フィンランドは5をOne Pass Awayに配置し、x5をペイントエリアから排除。
そんな中、x1がスクリーン1枚で簡単に剥がされてピンチを招くも、ウィークサイドからx4(渡邊)がスーパーブロック。
ペイントエリアからx5は排除できたが、x4までは排除できなかったフィンランドのオフェンス設計ミスとも言えるポゼッション。
1Q 8:13 フィンランド
Chin Rip (Inverted)
同じChin Ripのプレー。
ただし、それぞれの配置が前回とは異なる点に注目したい。
まずパサーを5(前回は2)に変更。
そしてスクリーンユーザーを4(前回は1)に変更。
これにより、x5はボールマンディフェンス、x4はOne Pass Awayのディフェンスになり、ペイントエリアから遠ざけられた。
その結果、スクリーンを使ってカットする4のマルッカネンをペイントエリア内で誰もヘルプできず、レイアップを許した。
先ほどと同じプレーでも、フィンランドが適材適所の配置を作ったことにより、今度は日本のRim Protecterが2人ともペイントエリアから排除される結果となった。
このようにフィンランドは、5番をパサーにすることでRim Protecterを外に引っ張り出すパターンを多用した。
1Q 7:35 フィンランド
Pindown Curl - Back Cut
フィンランドは、5がパサーになるセットを主に3種類使っていた。
その2つ目が、このPindown。
3がCurlした後に4がPopからBack Cut。
x4は振り切られるも、x3が見事なカバーでインターセプト。
1Q 6:29 フィンランド
Post Iso - Kick Extra
Off Screenとは別の、もう1つのフィンランドのオフェンスパターンがPost Up。
4がPost Upするのに合わせて、5はTopでポジショニングするのが特徴。
x5はマークマンより4のPost Upへのヘルプを優先したため、5がワイドオープンに。
5は4からキックアウトパスを受けるも、そこで日本ディフェンスが完璧なRotation。
ショットチャンスを与えずに守りきった。
この場面はx1のRotationがすごく良かった。
トップの5に対して左Wingへのパスコースを切りながらクローズアウトすることで、他のディフェンスがRotationする時間を稼ぐことに成功した。
1Q 5:24 フィンランド
Pindown Curl - Pop
再び5がパサーのPindown。
Popでパスを受けた3がドライブでx3を振り切る。
しかしx2がPeel Switchでドライブを防ぐことに成功。
1Q 7:35もそうだったが、日本ディフェンスはx4やx5が排除されても、このように他のプレイヤーが体を張ってペイントエリアを守りきる場面が見られた。

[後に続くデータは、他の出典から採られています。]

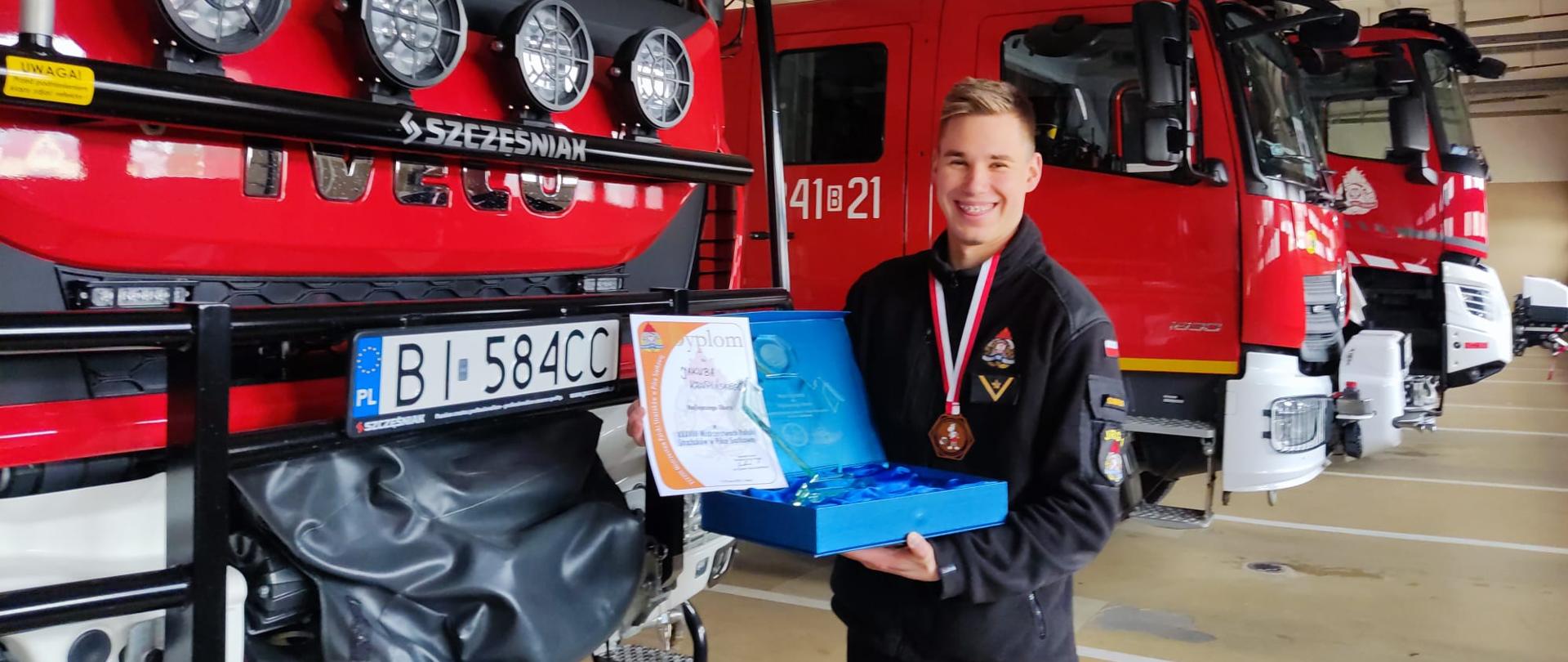 Strażak na tle samochodów pożarniczych z nagrodą za najlepszego libero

構造的に回避できないピンチは、チーム全員のハードワークで乗り越える。
日本の勝利への執念がプレーによく表れている。
1Q 3:37 フィンランド
Post Iso
今度はPost Up。
5とx5の1on1。
Off Screenの対応に駆られて、x4がペイントエリアから排除された状況。
x5のホーキンソンは悪くないディフェンスを見せるも、ここは相手に軍配。
1人でペイントエリアを守りきるのは大変。
1Q 2:25 フィンランド
Post Split (DHO) - Short Roll Feed
続けてPost Up。
ただ、今回は1on1ではなく、Split Action。
5をパサーとして、Off Screenでプレーを展開。
3コマ目、x4とx5の2人ともペイントエリアから排除されてしまう。
しかし、x3がCornerからの思い切ったTagで、Short Roll Feedをインターセプト。
x4とx5以外のプレイヤーが、Tagできるのは自分しかいない状況でもTagしないことが多かったこれまでの日本ディフェンス。

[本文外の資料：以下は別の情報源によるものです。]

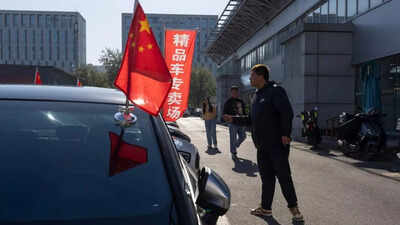 High-end car sales sink in China as its economy slows, taking a toll on European automakers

その点、この場面のx3のTagは良い意識の変化の現れだった。
1Q終了
日本 22 - 15 フィンランド
フィンランドのオフェンスがなんとなく見えた1Q。
フィンランドの狙いとそれを実現する構造自体は見えたが、プレーが少々ドタバタしていた。

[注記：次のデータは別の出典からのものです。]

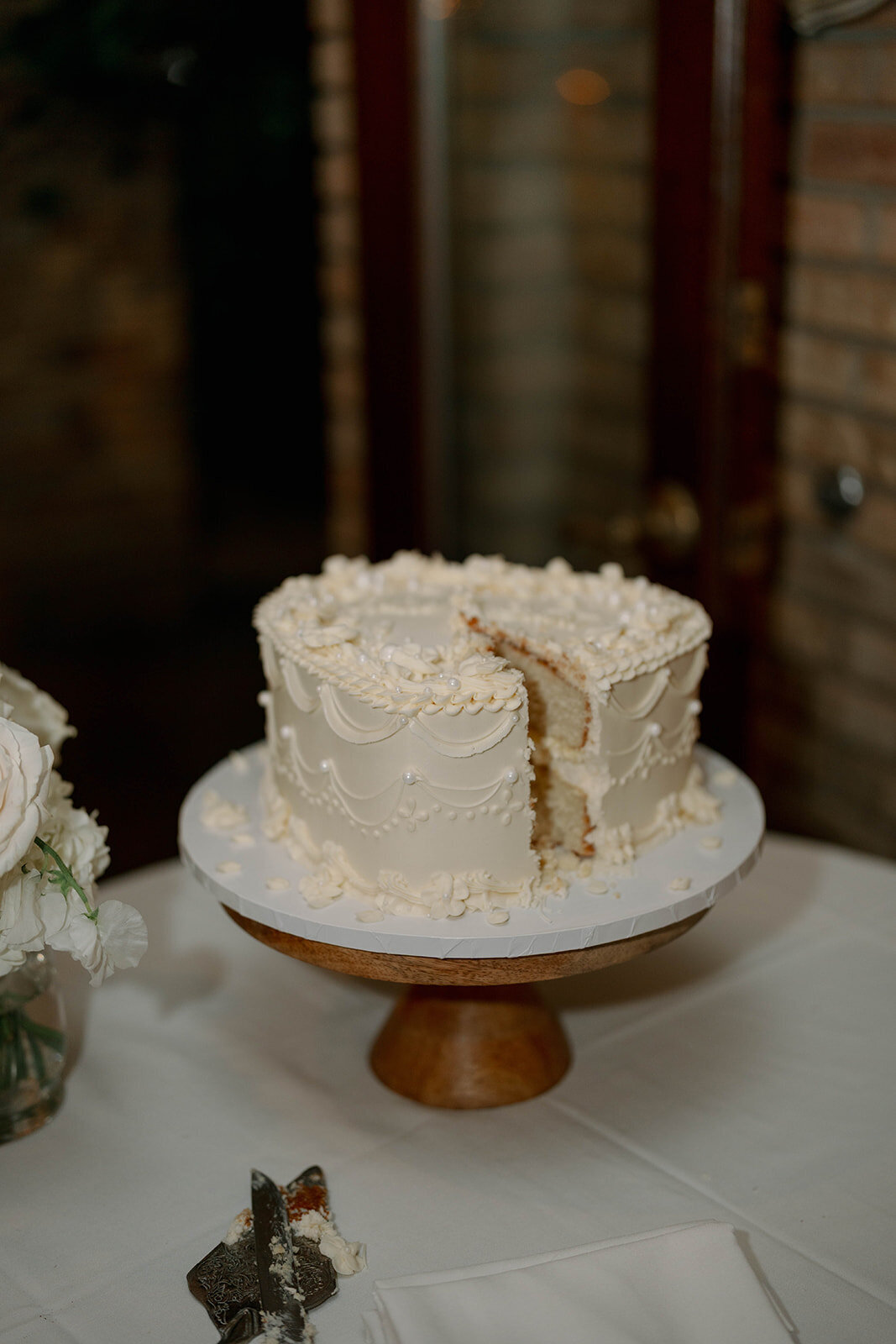 Close-up detail of textured white wedding cake at Café Cortina reception in Michigan.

日本ディフェンスは、x4とx5だけでなく "全員で" ペイントエリアを守ることで対応できていた。
さて、日本は2Qもこのディフェンスを維持できたのか。
続きを見ていく。
フィンランドの反撃と攻勢(2Q〜3Q中盤)
2Q 9:08 フィンランド
Floppy - Slip (vs Switch)
2Qになってフィンランドは新しいセットを使ってきた。
それが、5がパサーになる3つ目のセットのFloppy。
x5はボールマンディフェンス、x4はOff Screen対応。
例によってビッグマン2人ともがペイントエリアから排除された。
この状況で、フィンランドは日本のSwitchミスに乗じてSlip。
ガラ空きのペイントエリアでイージーショット成功。
2Q 8:22 フィンランド
Chin Rip (Inverted) - Angle Change Pass
ここではChin Rip。
5がパサーで、4がスクリーンユーザー。
今回も、x4とx5はペイントエリアから排除されている。
1Q 8:13ではx4がスクリーン1枚で振り切られたが、今回はUnderすることで5からの直接のパスは阻止できた。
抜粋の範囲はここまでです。